AVAILABLE DATA below:

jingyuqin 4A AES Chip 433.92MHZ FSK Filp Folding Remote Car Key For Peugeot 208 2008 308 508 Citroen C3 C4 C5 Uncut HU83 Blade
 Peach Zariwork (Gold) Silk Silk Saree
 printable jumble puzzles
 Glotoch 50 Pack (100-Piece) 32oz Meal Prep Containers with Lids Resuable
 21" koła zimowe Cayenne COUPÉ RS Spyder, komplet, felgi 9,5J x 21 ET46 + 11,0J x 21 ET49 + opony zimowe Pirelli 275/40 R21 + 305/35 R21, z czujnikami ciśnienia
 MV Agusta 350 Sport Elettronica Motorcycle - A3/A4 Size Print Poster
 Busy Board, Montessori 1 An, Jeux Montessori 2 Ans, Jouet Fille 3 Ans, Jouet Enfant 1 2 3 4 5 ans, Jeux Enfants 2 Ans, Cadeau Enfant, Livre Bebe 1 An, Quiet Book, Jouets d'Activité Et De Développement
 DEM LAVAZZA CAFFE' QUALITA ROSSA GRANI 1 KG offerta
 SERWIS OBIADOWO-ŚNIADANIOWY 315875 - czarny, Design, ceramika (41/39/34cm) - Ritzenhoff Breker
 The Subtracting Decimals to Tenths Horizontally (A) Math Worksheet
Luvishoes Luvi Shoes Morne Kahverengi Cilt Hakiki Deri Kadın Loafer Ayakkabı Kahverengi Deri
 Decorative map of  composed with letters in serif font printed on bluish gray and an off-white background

End of AVAILABLE DATA.

Repeat the entries shown above, every one, word for word.

jingyuqin 4A AES Chip 433.92MHZ FSK Filp Folding Remote Car Key For Peugeot 208 2008 308 508 Citroen C3 C4 C5 Uncut HU83 Blade
 Peach Zariwork (Gold) Silk Silk Saree
 printable jumble puzzles
 Glotoch 50 Pack (100-Piece) 32oz Meal Prep Containers with Lids Resuable
 21" koła zimowe Cayenne COUPÉ RS Spyder, komplet, felgi 9,5J x 21 ET46 + 11,0J x 21 ET49 + opony zimowe Pirelli 275/40 R21 + 305/35 R21, z czujnikami ciśnienia
 MV Agusta 350 Sport Elettronica Motorcycle - A3/A4 Size Print Poster
 Busy Board, Montessori 1 An, Jeux Montessori 2 Ans, Jouet Fille 3 Ans, Jouet Enfant 1 2 3 4 5 ans, Jeux Enfants 2 Ans, Cadeau Enfant, Livre Bebe 1 An, Quiet Book, Jouets d'Activité Et De Développement
 DEM LAVAZZA CAFFE' QUALITA ROSSA GRANI 1 KG offerta
 SERWIS OBIADOWO-ŚNIADANIOWY 315875 - czarny, Design, ceramika (41/39/34cm) - Ritzenhoff Breker
 The Subtracting Decimals to Tenths Horizontally (A) Math Worksheet
Luvishoes Luvi Shoes Morne Kahverengi Cilt Hakiki Deri Kadın Loafer Ayakkabı Kahverengi Deri
 Decorative map of  composed with letters in serif font printed on bluish gray and an off-white background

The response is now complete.